:: EXERCISE REQUIREMENTS ::
Output all of the data exactly, keeping any images out of the copy.

:: SOURCE MATERIAL ::
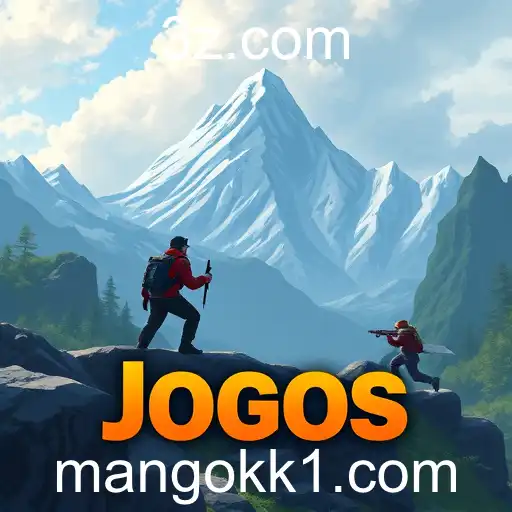 Descubra o Universo de Jogos em Mangokk.com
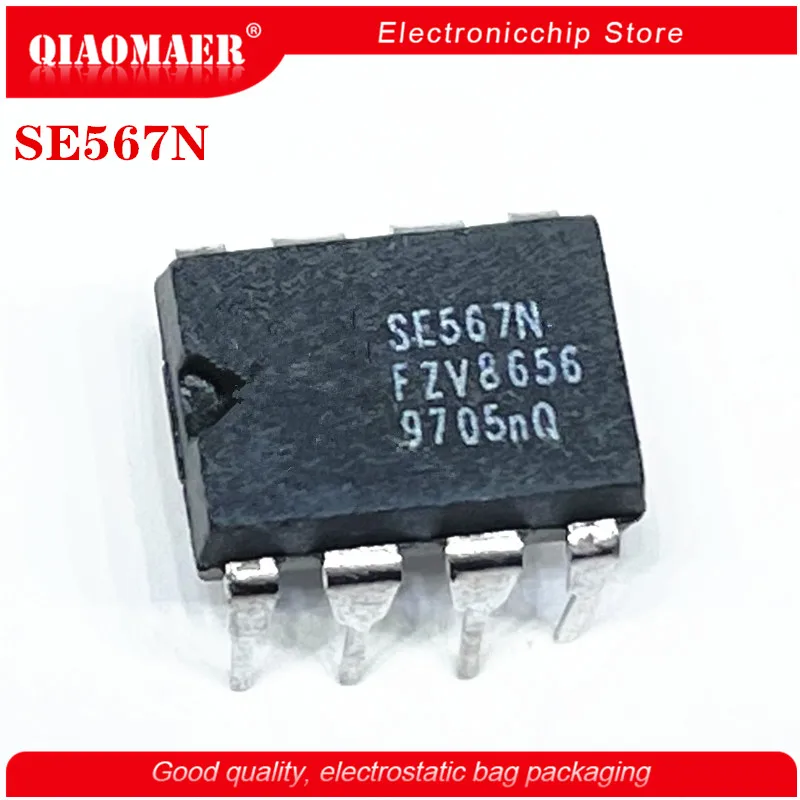 

1PCS SE567N SE567 567N DIP-8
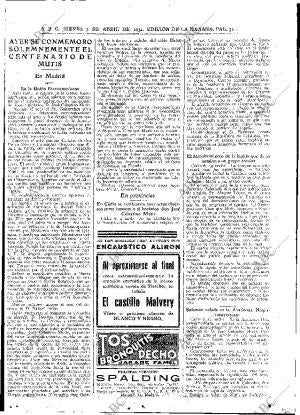 ABC MADRID 07-04-1932 página 31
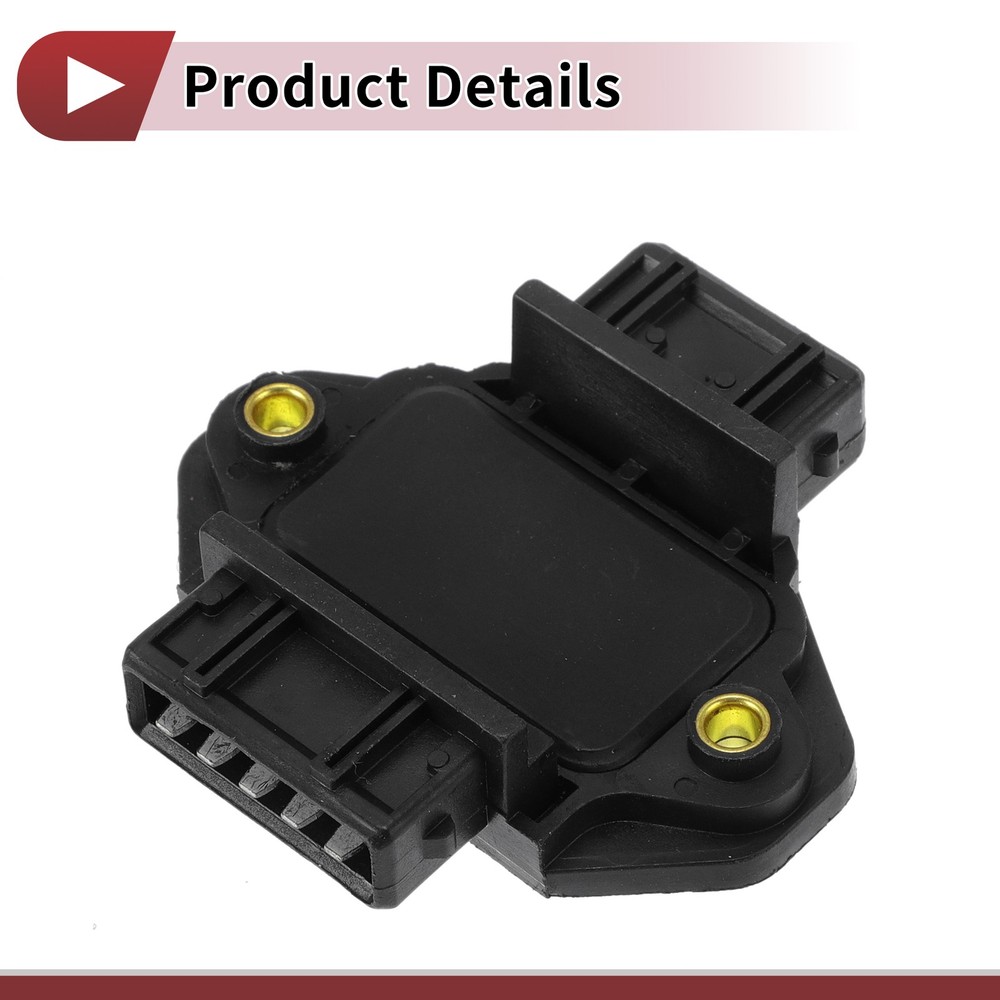 1 Pc No.8D0905351 Ignition Control Module for Audi A4 1999 Plastic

:: RESPONSE BELOW ::
 Descubra o Universo de Jogos em Mangokk.com

1PCS SE567N SE567 567N DIP-8
 ABC MADRID 07-04-1932 página 31
 1 Pc No.8D0905351 Ignition Control Module for Audi A4 1999 Plastic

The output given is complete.